(Given the current state of angst over the direction of the Democratic Party, I think it's great that John is doing this series to give us some historical perspective, and the chance to reason together over what it all means. - promoted by Paul Rosenberg)
(Over the last many months I've been studying the history of the Democrats and the American Party system, and will be publishing the results piece by piece here. I am not coordinating these pieces with the news of the day, and you shouldn't jump too quickly to conclusions about what my point really is. My source today is Horace Samuel Merrill, Bourbon Democracy of the Middle West, 1865--1896, Washington, 1953.)
Between the end of the Civil War and the New Deal the two parties were, by our standards, about equally conservative; on racial questions the Democrats were the more conservative. Between the New Deal and the Civil Rights Act and the Voting Rights Act in 1964 and 1965, many Democrats were still very conservative -- not only on race, and not only Southern Democrats. (The Democrats' 1928 Presidential candidate, Al Smith of New York, supported the Republican candidate in 1936.) The conservative Democrats have always been there, and while the two parties are more polarized today than they have been in a long time, if ever, that's mostly because the Republicans have driven out all of their liberals and moderates (and many of their sane conservatives) -- not because the Democratic Party as a whole (as opposed to some of its members) is more liberal.
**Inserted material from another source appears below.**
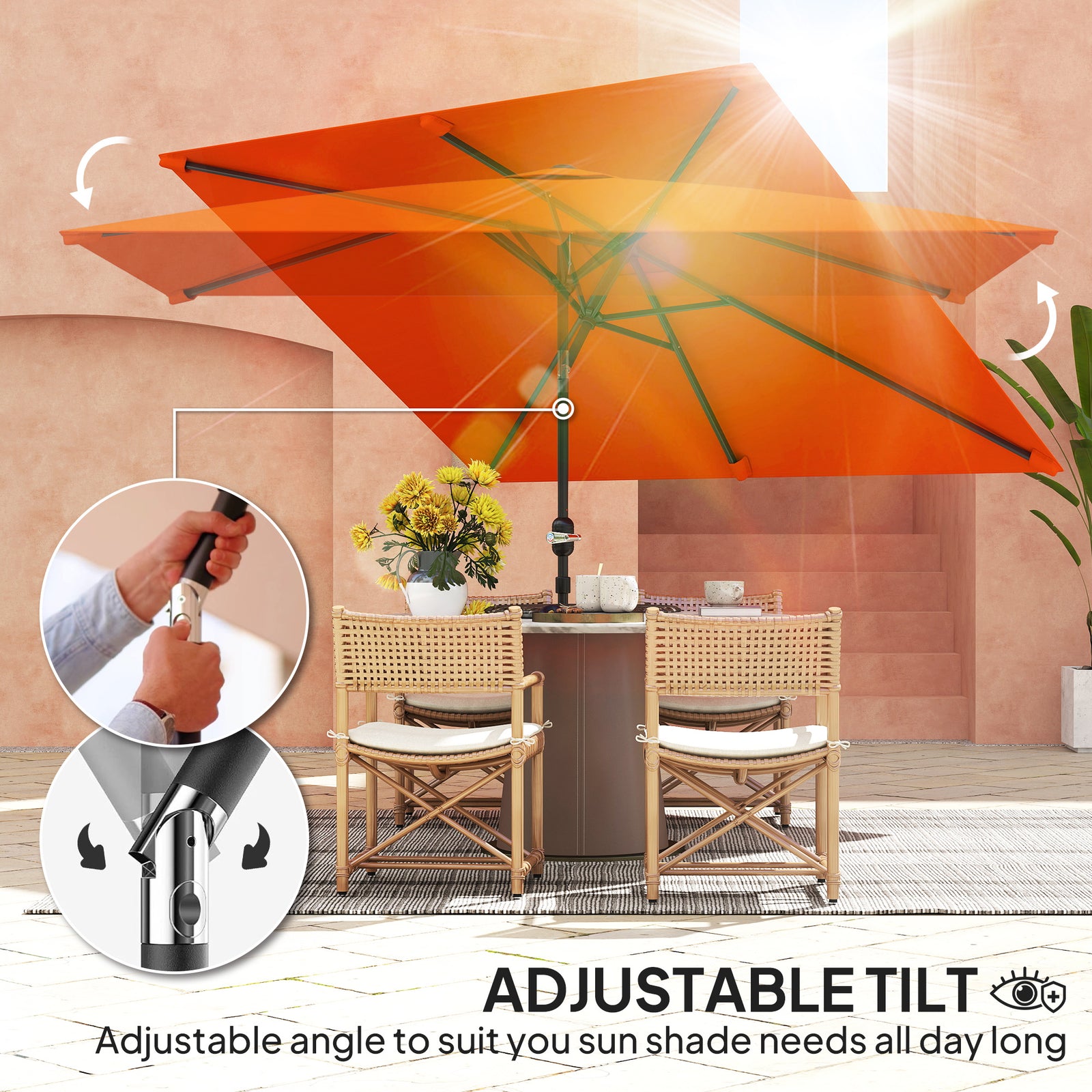 Outsunny 3x2m Garden Parasol Umbrella with Aluminium Pole, Tilt and Crank, Rectangular Outdoor Table Parasol Sun Shade for Patio, Orange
Merrill's book tells the story of the Midwestern branch of the "Bourbon Democrats", the dominant Democratic faction during the three decades following the Civil War. "Bourbon Democrats" may sound like fun, but they were nothing but a coterie of wealthy, corrupt wheeler-dealers whose only interests were feathering their own nests and keeping small farmers and labor out of power. The Bourbons did not need to win, and seldom did; they only needed to keep control of the party.
Grover Cleveland, the only Democratic President in the 47 years between Appomattox and the election of Woodrow Wilson (and one of the most anti-labor Presidents of all), was a model Bourbon on policy questions, though he differed from the rest in being less corrupt and was nominated for that reason.